Importance of Power Factor in Plant Operation

What is Power Factor?

          The power factor in an AC electric power system is defined as the ratio of real power flowing to the load to perceived power in the circuit. It is a dimensionless number between 0 and 1 (sometimes written as a percentage, such as 0.5 pf = 50% pf).

• The capacity of a circuit to execute work in a certain amount of time is known as real power.
• The product of the circuit’s current and voltage is apparent power.

          Electric resistance heaters and incandescent lights are examples of resistive devices that convert all of the power provided to them into heat or useable energy. Some of the power supplied to inductive devices, such as motors, is used to energise the inductive windings and create a magnetic field.

          The windings alternately store and release this power, known as reactive power, but it is never employed to perform actual work. When this happens, the electrical equipment’s power line now carries both the real power used by the device and the active power it generates.

          The device’s actual power consumption is measured in kW, induction devices’ reactive power is measured in kVAr, and the apparent power in the supply lines is measured in kVA. The “power triangle” describes the mathematical correlations between these different sources of power.

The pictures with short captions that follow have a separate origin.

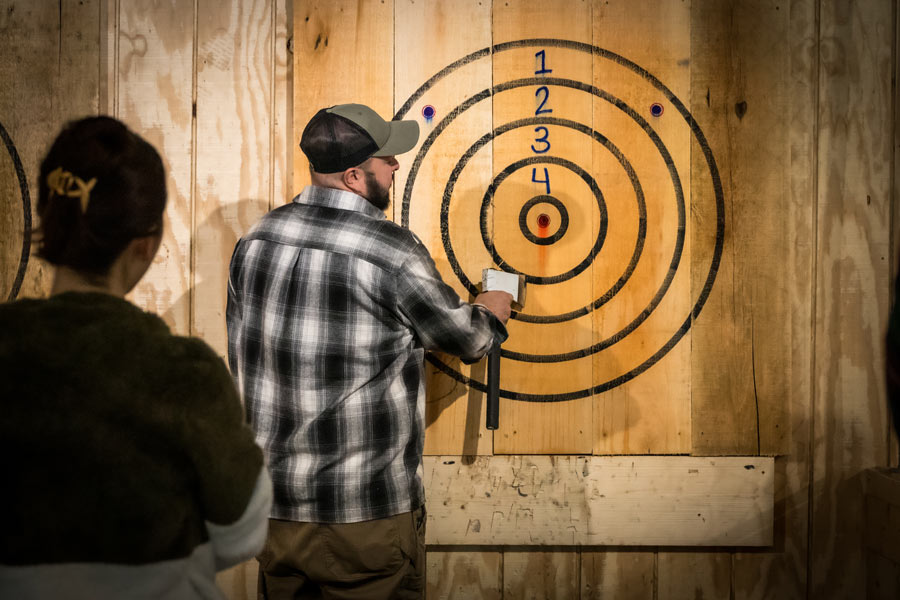 Grey Dog Axe Throwing in Marshfield, WI, removing axe from target.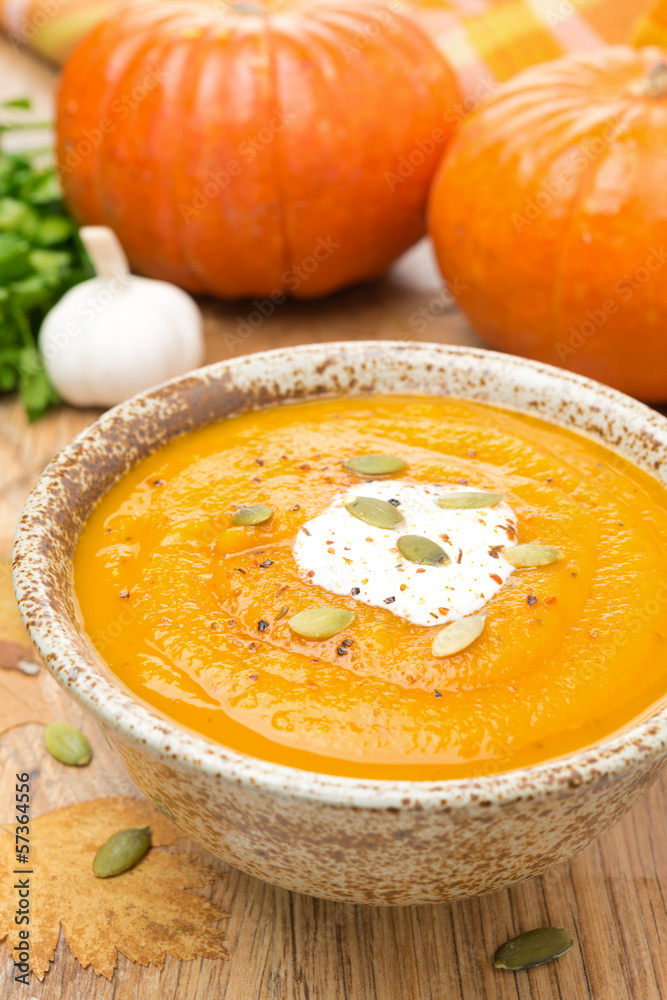 pumpkin soup with coriander and cream in a bowl, vertical pumpkin soup with coriander and cream in a bowl, vertical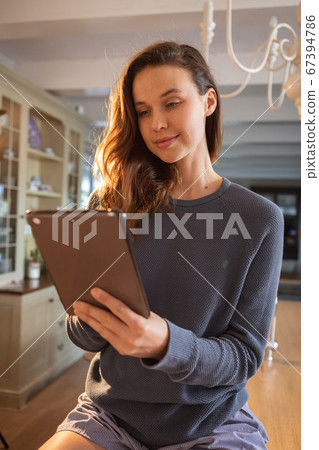 Woman using digital tablet at home Woman using digital tablet at home 67394786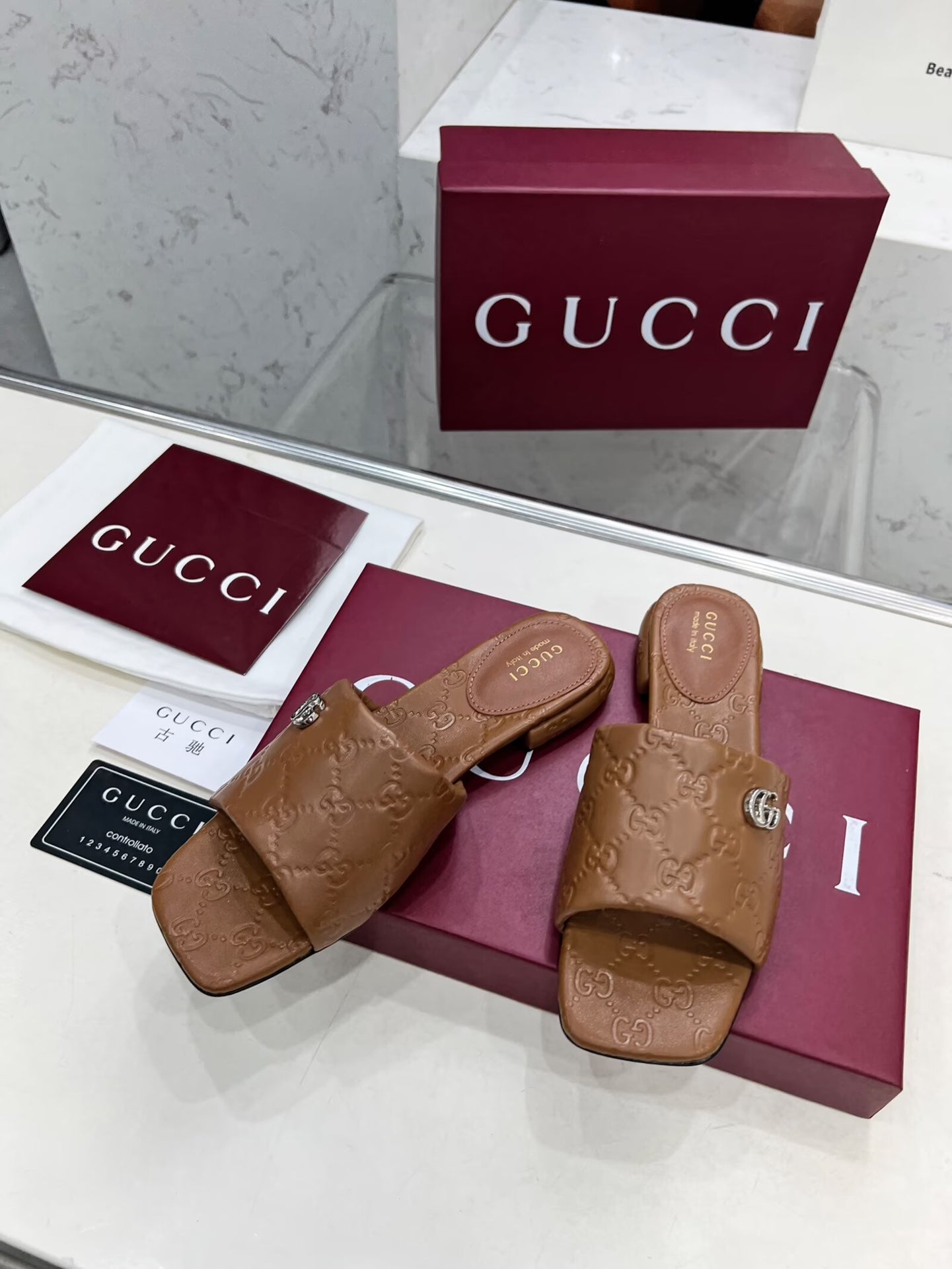 GG CASUAL SLIPPERS IN BROWN CALFSKIN LOGO EMBOSSING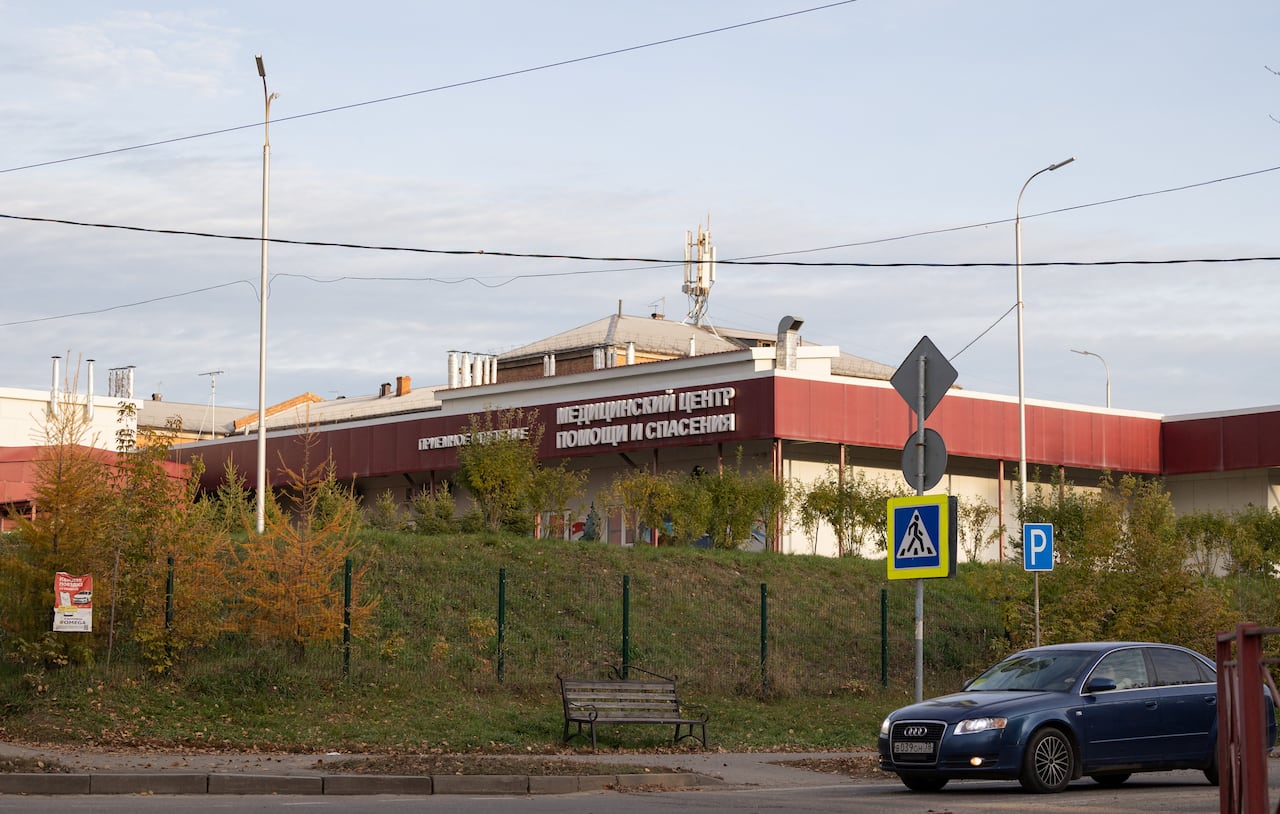 An image of a building with a white concrete building with clay red cladding and Russian words in white letters. The building sits on a grass covered hill, with a metal fence in front. A car drives along a street in front of the hill.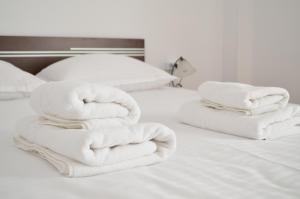 two stacks of towels sitting on a bed at Alexys Residence 4 in Iaşi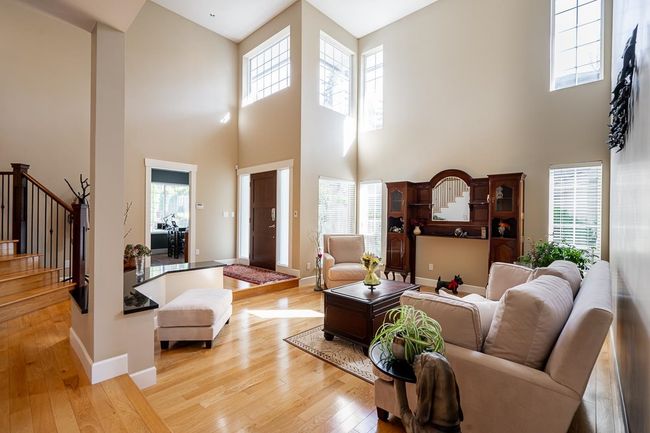 Living area with a healthy amount of sunlight, stairs, light wood-style floors, baseboards, and a high ceiling | Image 4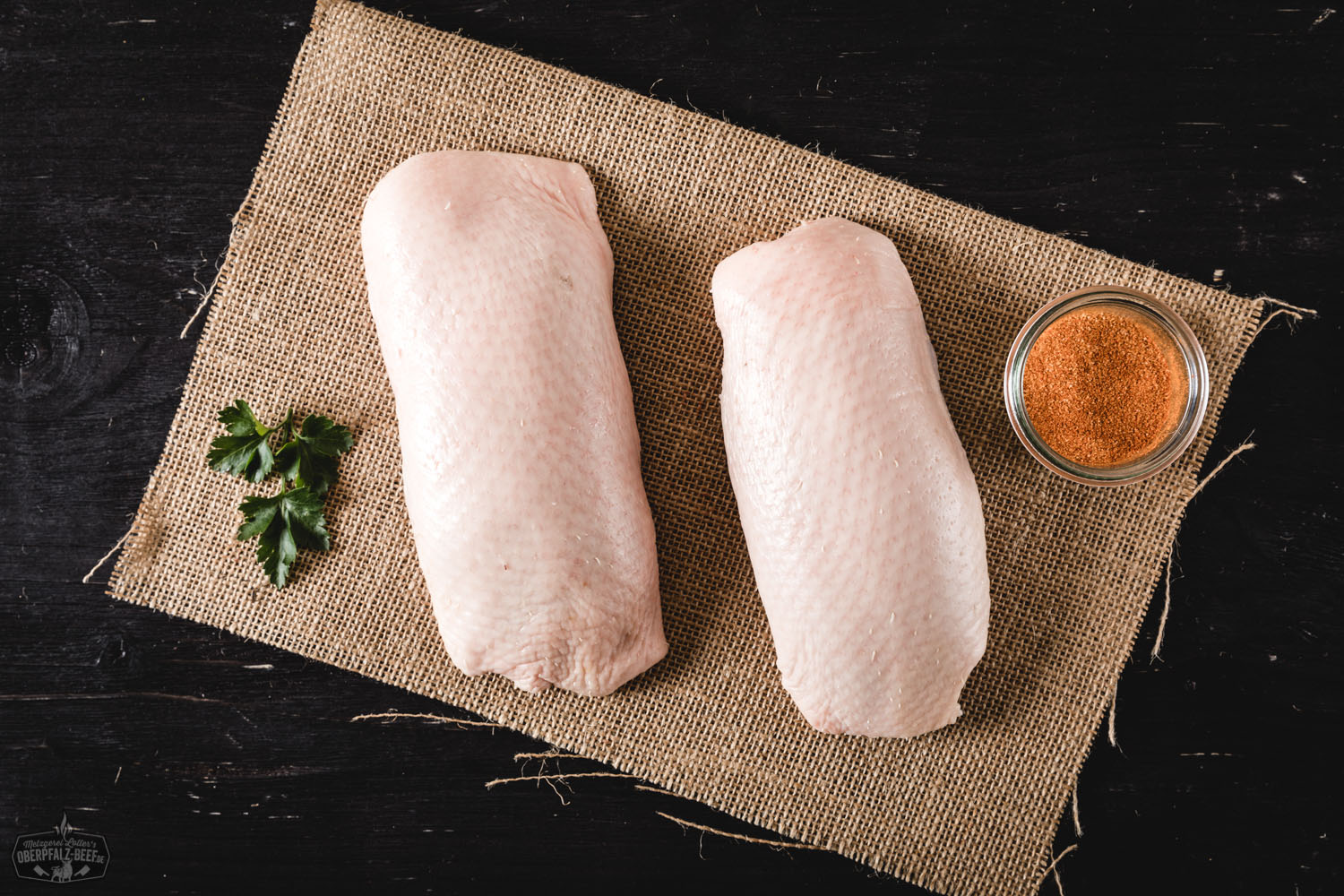 Rohes Brustfilet von der Oberpfälzer Bauernente, auf dunklem Untergrund angerichtet, umgeben von frischen Kräutern, grobem Salz und Gewürzen – hochwertige Entenbrust aus regionaler Landwirtschaft für bewusste Genießer.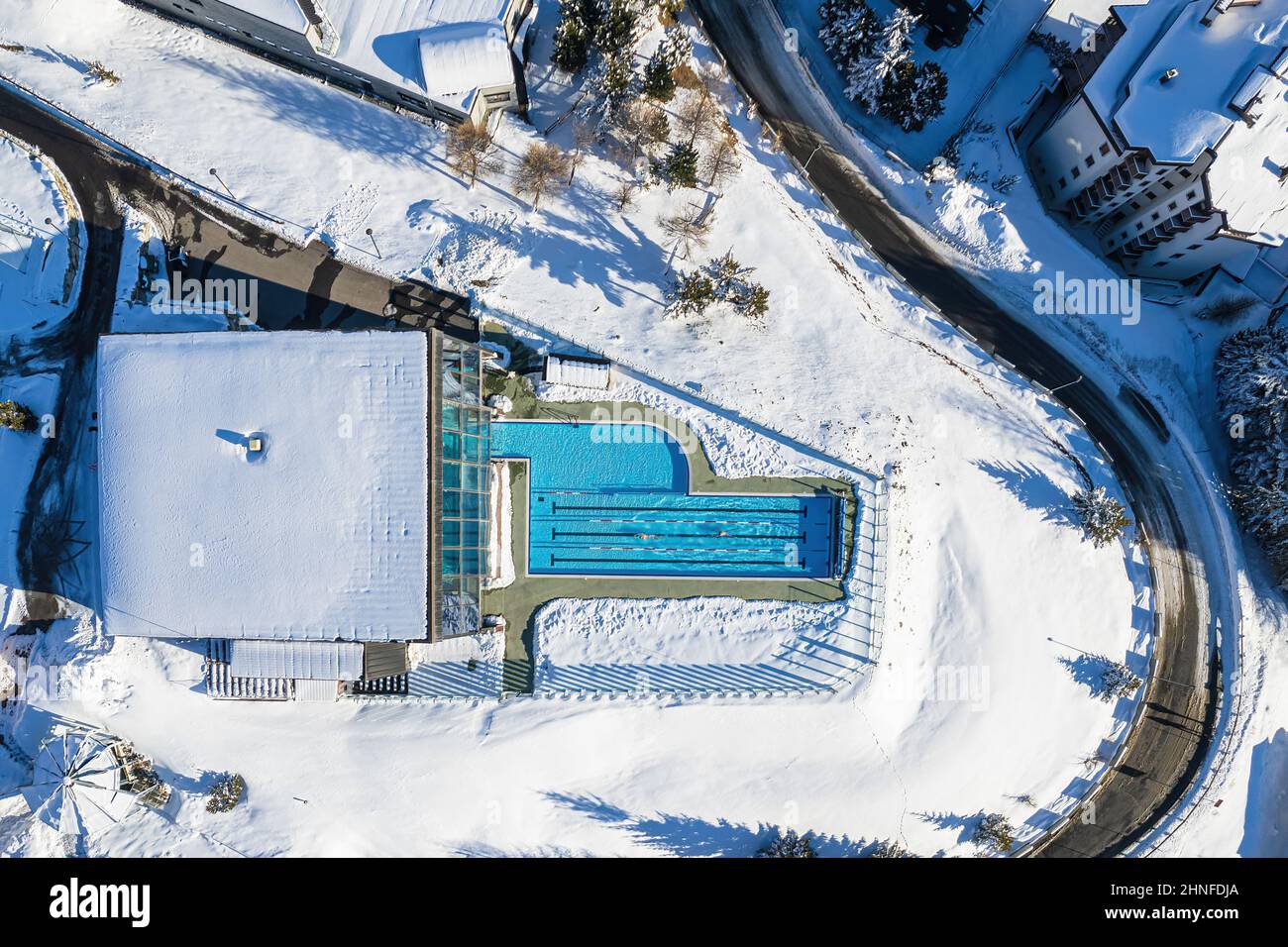 View from the top of a heated outdoor swimming pool in the snow . Sestriere, Italy - February, 2022 Stock Photo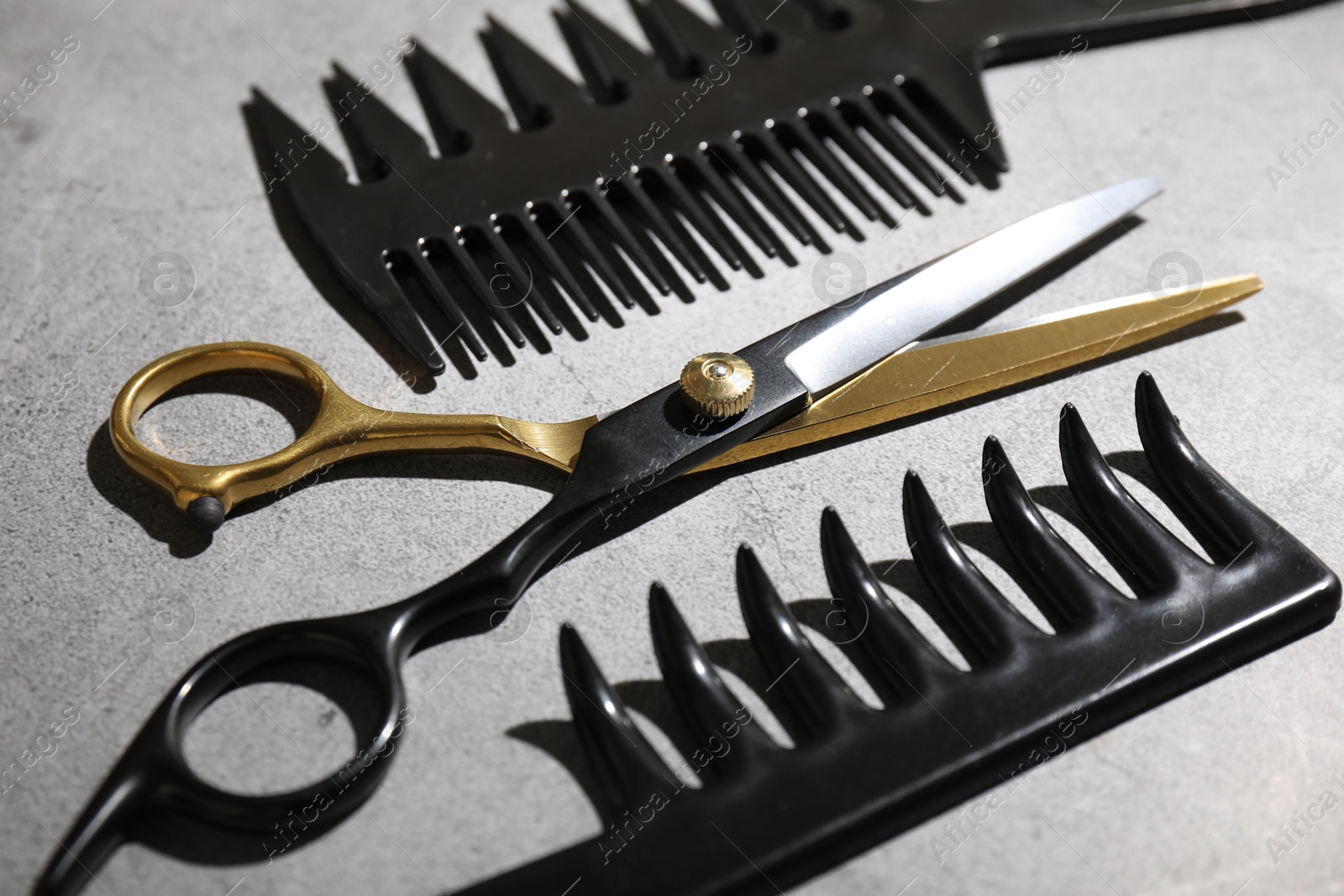 Different hairdresser's tools on grey table, closeup Photo of Different hairdresser's tools on grey table, closeup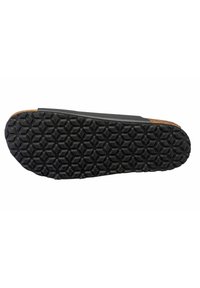 Black rubber shoe sole featuring a hexagonal tread pattern and a cork accent along the edge. The design offers traction and durability.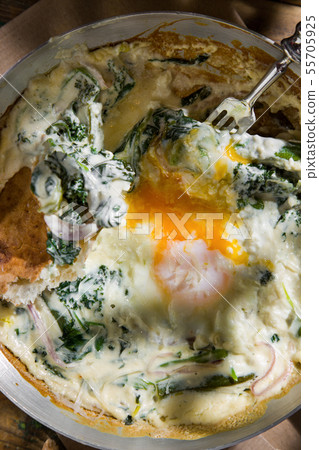 Shakshuka with green onions. Traditional cuisine 55705925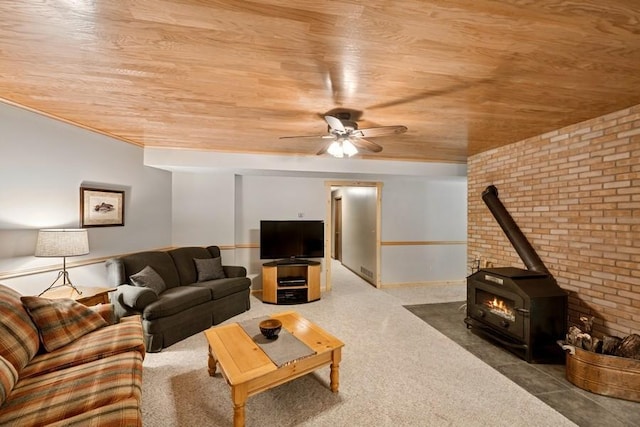 16523 243rd Ave NW, Orrock Twp, MN 55309 - carpeted living area with wood ceiling, a ceiling fan, brick wall, and a wood stove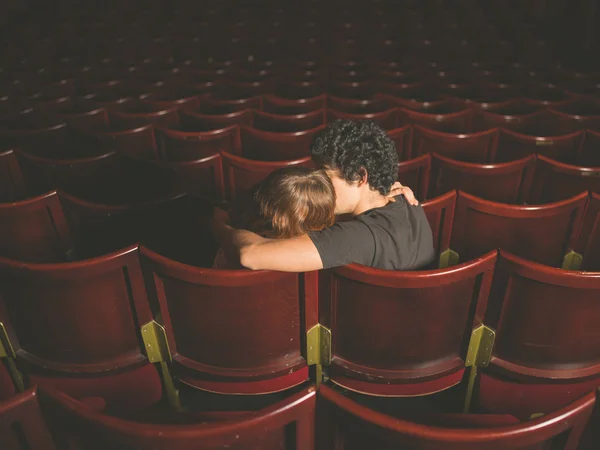 Young couple kissing in movie theater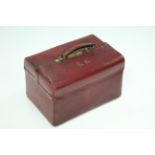 A crimson morocco travelling toilet case. (Lacking interior fitments).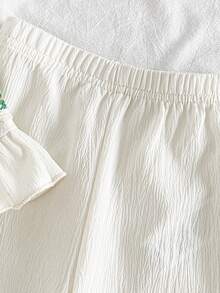 SHEIN Vintaside Kids 两件套女婴套装，包括一件钩针花卉图案背心和一条舒适长裤，优雅的韩欧风格，百搭实用，是新款夏季时尚童装，适合婴幼儿、女童，也适合外出、节日、派对、度假等场合。 - 杏色 - 查看 8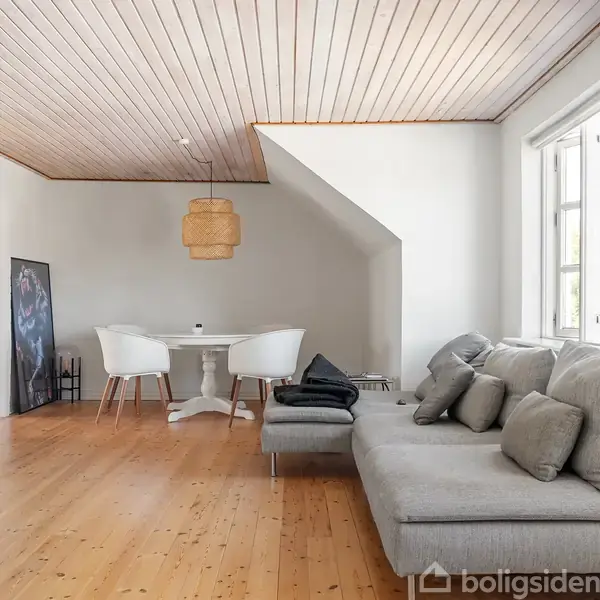 Grå sofa med puder står ved vindue. Rundt bord med hvide stole står under lampeskærm. Trægulv og træloft fremhæver den lyse stue.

          The cosine of the angle between voltage and current in an a.c. circuit called power factor. There is usually a phase difference φ between voltage and current in an a.c. circuit. The power factor of the circuit is denoted by the term cos φ. When a circuit is inductive, the current lags after the voltage, resulting in a lagging power factor. Current, on the other hand, leads voltage in a capacitive circuit, and power factor is said to be leading.

          Due to a poor power factor, the electrical power purchased is not fully utilised. As the power factor rises, the kVA drops.

• It takes 142 kVA to create 100 kW at 70 percent power factor. Another way to look at it is that when the power factor is 70%, it requires 35% more current to accomplish the same task.

• It just takes 105 kVA to produce 100 kW at a power factor of 95 percent.

          Any industrial operation that uses electric motors (to drive pumps, fans, conveyors, refrigeration plants, and so on) introduces inefficiencies into the power grid by drawing additional currents known as “inductive reactive currents.” Although these currents provide no useable power, they increase

• The demand on the switchgear and distribution network of the supply, as well as
• The switchgear and cabling of the consumer.

The inefficiency is measured by the Power Factor, which is the

                    ratio of useable power to total power (KW/KVA)

The following are examples of typical ‘un-corrected power factors’ used by various industries:

Uncorrected industrial power factor is typically 0.8. This means that a 1MVA transformer can only deliver 800KW, meaning that a 100Amp supply can only provide 80 usable Amps. To put it another way, a three-phase 100KW load would draw 172A per phase rather than the usual 139A. The utility provider must generate substantially morecurrent than is theoretically required for naturally low power factor equipment. This surplus current passes through generators, wires, and transformers in the same way that useful current flows.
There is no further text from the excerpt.